SOURCE DATA:

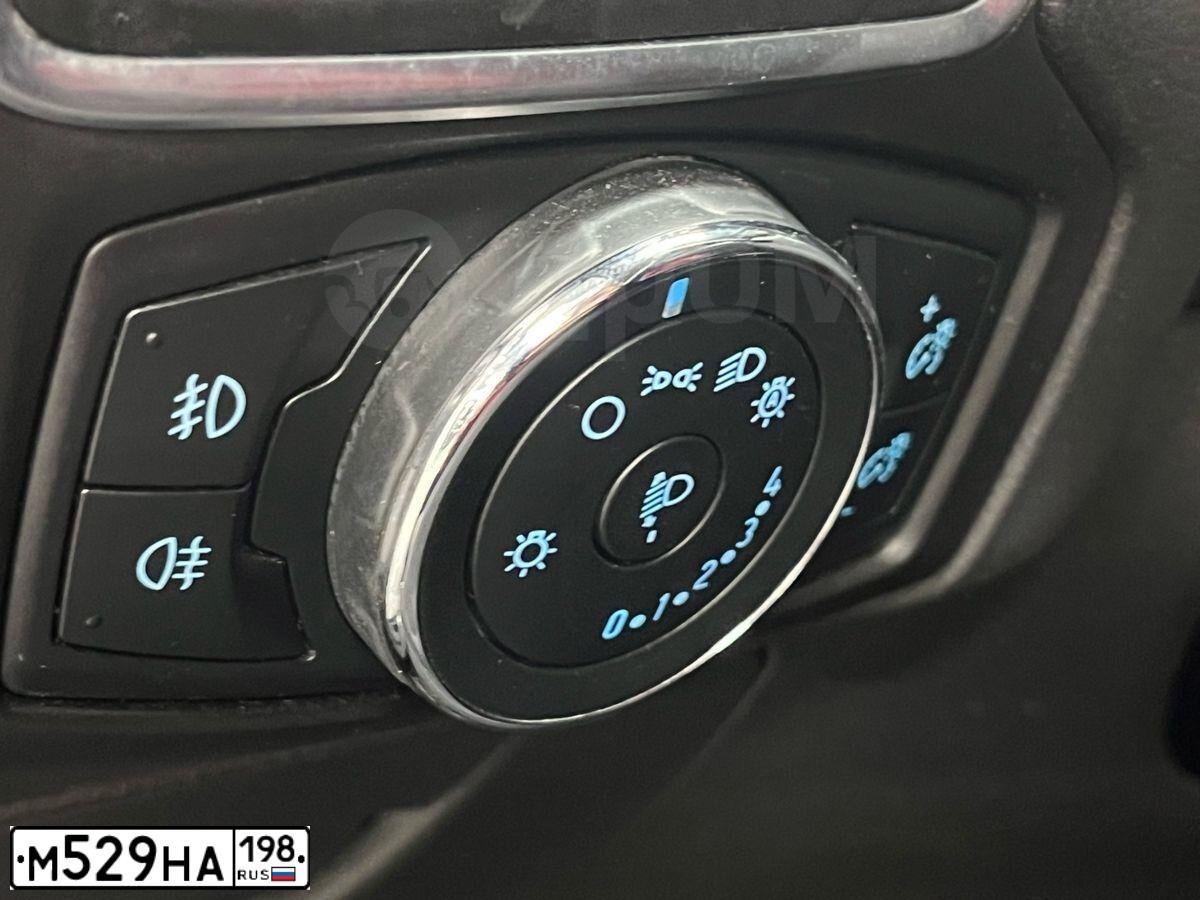 Фото автомобиля FORD FOCUS, 2013 — госномер Т756РТ196. Цвет: ЧЕРНЫЙ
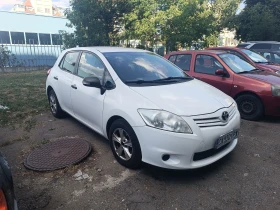 Toyota Auris 1, 33, снимка 2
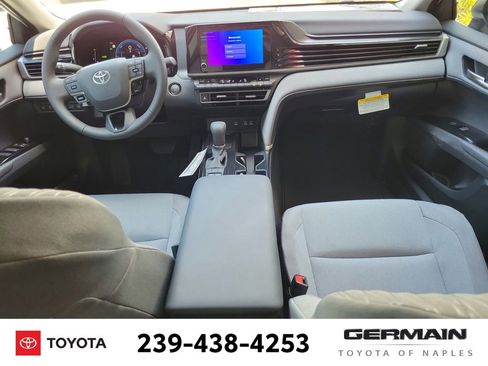 New 2025 Toyota Camry LE w/ Convenience Package FWD image 18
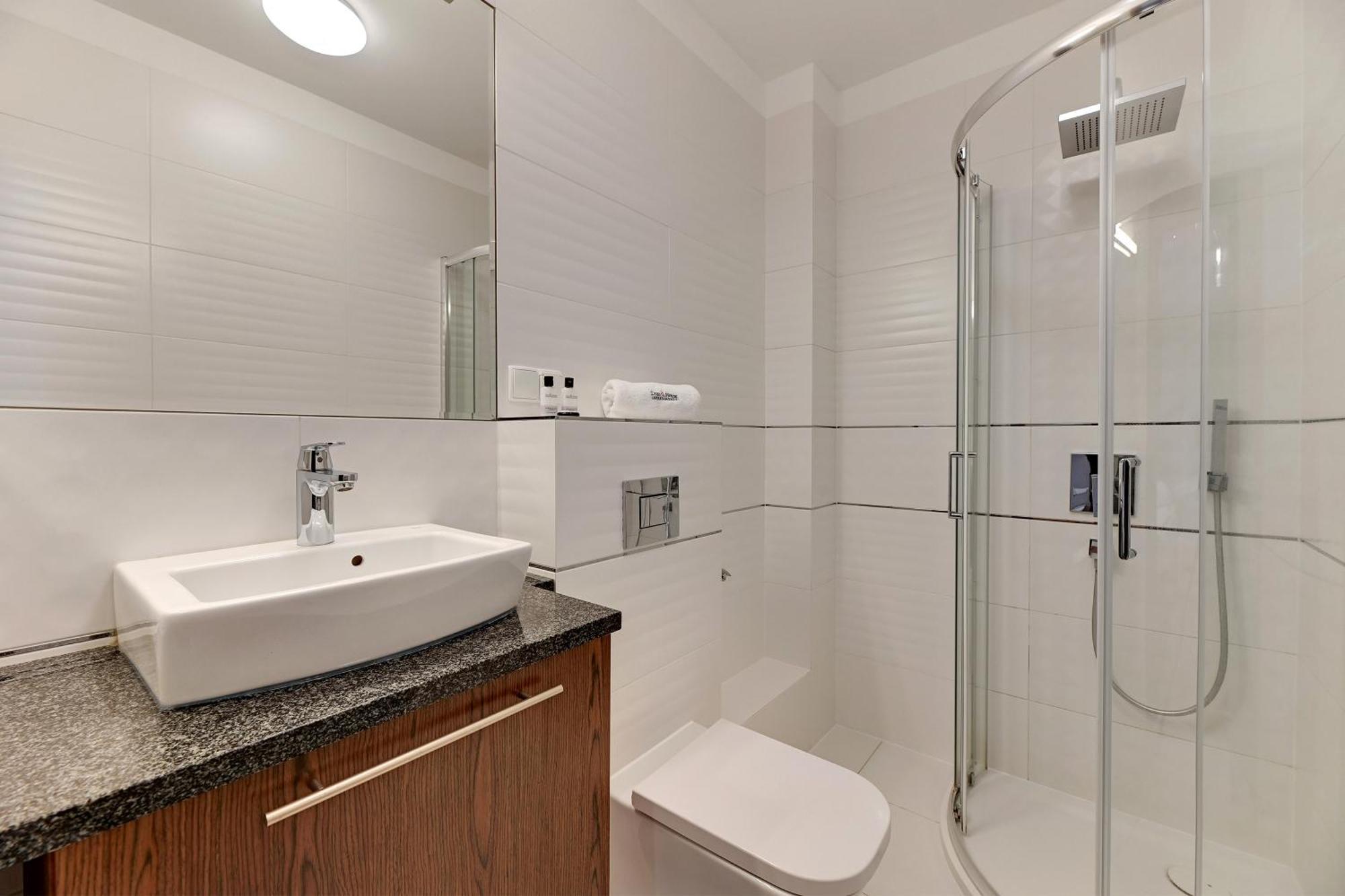 Dom & House Apartments - Old Town Tobiasz Residence غدانسك المظهر الخارجي الصورة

TASK TO COMPLETE: An unaltered copy of the material, without images, should be set down.

ANSWER SPACE:
 Фото автомобиля FORD FOCUS, 2013 — госномер Т756РТ196. Цвет: ЧЕРНЫЙ
 Toyota Auris 1, 33, снимка 2
 New 2025 Toyota Camry LE w/ Convenience Package FWD image 18
 Dom & House Apartments - Old Town Tobiasz Residence غدانسك المظهر الخارجي الصورة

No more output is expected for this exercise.